Work required: Omit every picture, then return each line of the data below exactly.

Data:
--------------------------------
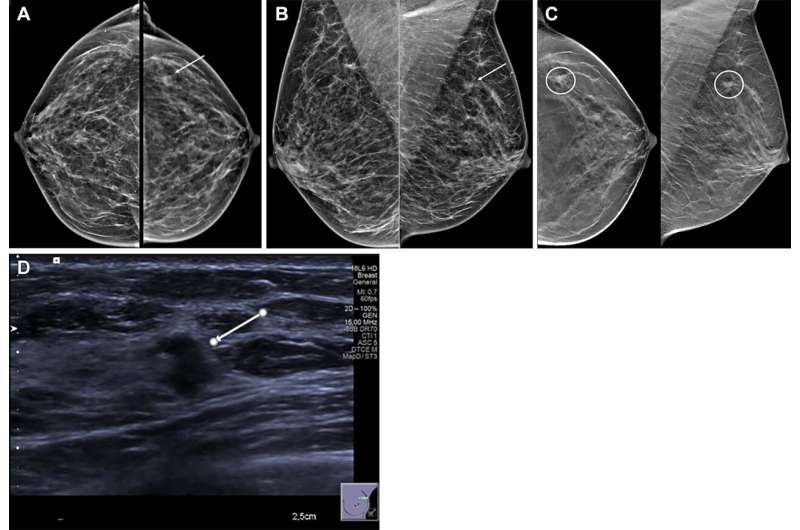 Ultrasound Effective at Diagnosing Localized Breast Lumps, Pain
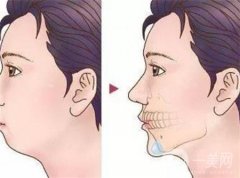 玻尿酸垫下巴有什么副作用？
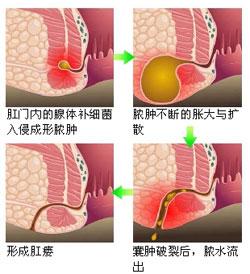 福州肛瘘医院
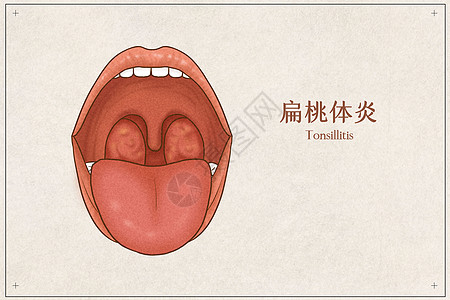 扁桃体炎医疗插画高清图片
--------------------------------
Result of this exercise:
 Ultrasound Effective at Diagnosing Localized Breast Lumps, Pain
 玻尿酸垫下巴有什么副作用？
 福州肛瘘医院
 扁桃体炎医疗插画高清图片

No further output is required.